Friends Without Benefits by Penny Reid
Friends Without Benefits (Knitting in the City)
There are three things you need to know about Elizabeth Finney: 1) She suffers from severe sarcastic syndrome, especially when she's unnerved, 2) No one unnerves her like Nico Manganiello, and 3) She knows how to knit.
Elizabeth Finney is almost always right about everything: the musical merits of boy bands are undervalued by society, “benefits” with human Ken dolls are better without friendship, and the sun has set on her once-in-a-lifetime chance for true love. But when Elizabeth’s plans for benefits without friendship are disarmed by the irritatingly charismatic and chauvinistic Nico Manganiello- her former nemesis- she finds herself struggling to maintain the electric fence around her heart while avoiding electrocution or, worse, falling in love.
I really want to like this book. I wanted to love it as much as Neanderthal Seeks Human (which I loved). I loved Janie and Quinn and everything about NSH. It was amazing. Elizabeth was in it and well I thought she seemed like a great friend to Janie and I was excited to read her story. I knew she thought that people only get one love in a life, and since hers died when they were teenagers she would never be in love again. I was curious to see how this would play out and how she changes her mind. Well I started reading and....I hated Elizabeth. Hated her so much I wasn't sure if I could finish the book. She was...man I hated her. I couldn't stand her at all for at least half of the book. She was immature and whiny and so annoying! It started and I thought oh she slept with Nico then he left her and she was heartbroken...oh wait she left him and never spoke to him again? Interesting let's see how this plays out. Well it plays out that she just is so poor me I am a horrible person because of the way I am and I wish I were a better person so I could be with Nico since he thinks he loves me. Poor me. My life is so hard. Okay well do something about it! Don't like how you are? Try and change it. It might not be easy, it might take time, but if you really want to change then for the love of all things try and change! Don't just whiny and complain and be all wah poor me. I hate that. I can't stand that kind of attitude. So I was really sad because I really wanted to love this book right from the start. I loved the first book, I loved Janie so much I wish we were bff, but Elizabeth...there is no way I could be actual friends with her without going off on her. It just wouldn't work. So sad, but the way it is.
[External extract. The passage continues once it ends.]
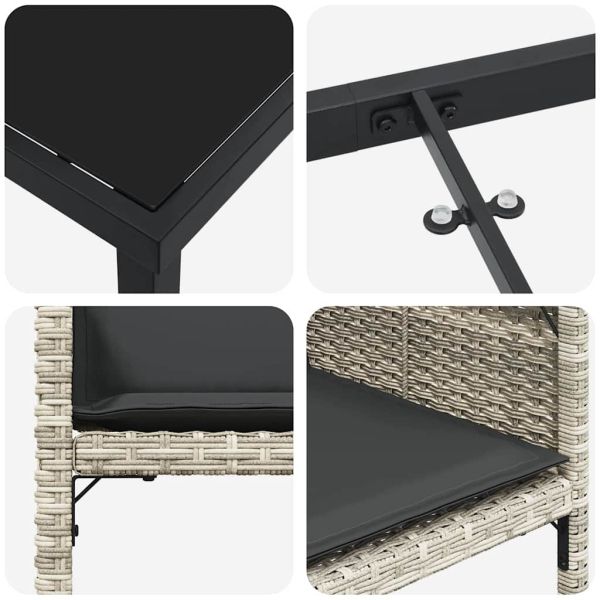 Комплект за хранене в градината 9 pcs Светлосиво полиратан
Now about 45% of the way through she started to get not so stupid and annoying and I started to slightly like her a little more. Then she decided to set up some time to sleep with Dr. Ken Miles even though she really wants Nico and I just wanted to bang my head against the wall. She kept making me want to just shake her and say what is wrong with you?!?! Seriously she frustrated me to no end. Finally by the end she worked things out and I was happy with how everything ended up, but man. It started off pretty rough. Though I am still a little disappointed since I loved the first book so much.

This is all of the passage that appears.